▸ **DATA SECTION**:
*-*-*

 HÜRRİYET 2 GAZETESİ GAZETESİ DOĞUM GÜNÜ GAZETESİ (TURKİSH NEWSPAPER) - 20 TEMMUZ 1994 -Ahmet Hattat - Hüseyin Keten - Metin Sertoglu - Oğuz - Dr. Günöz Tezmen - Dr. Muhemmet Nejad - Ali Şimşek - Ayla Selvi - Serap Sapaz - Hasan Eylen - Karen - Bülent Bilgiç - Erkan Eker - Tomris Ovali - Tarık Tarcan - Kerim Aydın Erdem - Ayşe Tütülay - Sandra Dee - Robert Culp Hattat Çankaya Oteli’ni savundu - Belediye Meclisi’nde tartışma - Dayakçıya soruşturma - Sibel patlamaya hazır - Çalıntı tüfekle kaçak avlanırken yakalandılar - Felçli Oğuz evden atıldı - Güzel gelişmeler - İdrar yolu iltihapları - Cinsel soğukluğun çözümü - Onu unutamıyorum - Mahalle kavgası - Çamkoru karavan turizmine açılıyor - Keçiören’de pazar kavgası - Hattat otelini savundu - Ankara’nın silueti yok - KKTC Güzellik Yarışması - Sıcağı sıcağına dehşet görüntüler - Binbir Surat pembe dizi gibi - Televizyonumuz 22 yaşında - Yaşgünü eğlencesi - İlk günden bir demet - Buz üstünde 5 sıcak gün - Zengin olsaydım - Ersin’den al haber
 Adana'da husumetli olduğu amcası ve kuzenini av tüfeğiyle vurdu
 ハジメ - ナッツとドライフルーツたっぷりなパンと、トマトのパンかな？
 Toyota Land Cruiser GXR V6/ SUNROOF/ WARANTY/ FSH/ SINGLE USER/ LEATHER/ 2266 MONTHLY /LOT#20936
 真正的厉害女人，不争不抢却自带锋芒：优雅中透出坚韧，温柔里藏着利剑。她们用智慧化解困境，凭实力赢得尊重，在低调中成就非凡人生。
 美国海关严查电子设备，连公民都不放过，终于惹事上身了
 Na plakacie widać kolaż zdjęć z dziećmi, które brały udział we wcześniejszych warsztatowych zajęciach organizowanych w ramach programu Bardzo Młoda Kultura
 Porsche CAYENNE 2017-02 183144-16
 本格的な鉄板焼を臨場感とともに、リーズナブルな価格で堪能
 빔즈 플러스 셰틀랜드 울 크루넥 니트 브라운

*-*-*

▸ **WHAT TO WORK ON**: Make an exact copy of every line from the one with "美国海关严查电子设备，连公民都不放过，终于惹事上身了" to the end of the data, with the first and last of those lines included.

▸ **WORKED SOLUTION**:
 美国海关严查电子设备，连公民都不放过，终于惹事上身了
 Na plakacie widać kolaż zdjęć z dziećmi, które brały udział we wcześniejszych warsztatowych zajęciach organizowanych w ramach programu Bardzo Młoda Kultura
 Porsche CAYENNE 2017-02 183144-16
 本格的な鉄板焼を臨場感とともに、リーズナブルな価格で堪能
 빔즈 플러스 셰틀랜드 울 크루넥 니트 브라운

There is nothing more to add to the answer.